In cases where the team has used Amazon’s infrastructure, “we have had very good success … it’s a great way to manage your infrastructure, especially when you are starting up and you don’t want to invest a lot of money up front on a large infrastructure,” Rovira said.

Both Amazon and Google have “some overlap in terms of the type of service that they are providing [and] seem to be close competitors,” Rovira said, but “until Google Compute Engine really gets a lot of people hitting it and exposing different use cases, I don’t know that we will be able to make a clear determination between the two.”

Meanwhile, there are some discernible differences, he said.

Amazon has services that Google does not provide. For example, companies like Complete Genomics can ship large quantities of data on disks directly to Amazon which then uploads it to the cloud and makes it available for groups like ISB to use, Rovira said. Google, on the other hand, appears to have “streamlined” the process of “ramping up a large number of cores for these types of very parallelizable tasks and … they’ve thought a lot about their network traffic and [improved] the transfer of information within their network,” he said.

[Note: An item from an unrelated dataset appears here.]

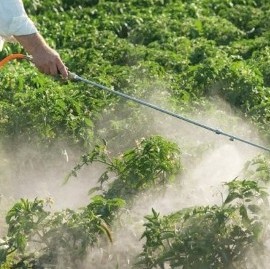 La Plata: advierten que el uso de agroquímicos no está regulado en la producción de alimentos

Furthermore, Google has integrated its compute engine with other products in its stack such as the Google App engine. This provides users with infrastructure for deploying web applications on the front end with the power to run the computations on the back end, Rovira explained. “I think [having an] integrated environment … where you don’t have to do any of the heavy lifting is very good.”

Conversely, with Amazon’s infrastructure, users have more flexibility and can configure their compute environment to suit their needs, which is good for research labs that would like more control over the hardware instances they are provisioning, he said.

It isn’t clear at this point whether Google intends to aggressively pursue clients in the life sciences.

The Google spokesperson said that the initial focus for the platform is on large-scale data processing workloads, including video transcoding, Hadoop jobs, and running grid applications, so scientific applications in general "are a great use case for this technology due to the volume of workloads.”

Google offers four compute configurations — of one, two, four, and eight virtual cores — that are charged on a per-hour basis. Compute power cost is based on the number of virtual machines required; storage costs are based on the amount of data; and network cost is calculated “based on how often VMs communicate with each other and the Internet,” the Google spokesperson told BioInform.

Pricing for the smallest Google Compute Engine configuration is $0.145 per hour for one virtual core with 3.75 gigabytes of memory, while the largest configuration with eight virtual cores and 30 gigabytes of memory is priced at $1.16 per hour. The company has a number of options for network use costs that are based on the destination and size of the dataset.

Pricing for storage starts at $0.12 per gigabyte for up to one terabyte of data and drops as the amount of storage required increases.

Amazon's pricing, meantime, ranges from $0.08 per hour to $3.58 per hour, depending on the particular instance required.

Amazon declined to comment on the new Google cloud, citing a longstanding policy of not discussing other companies’ activities.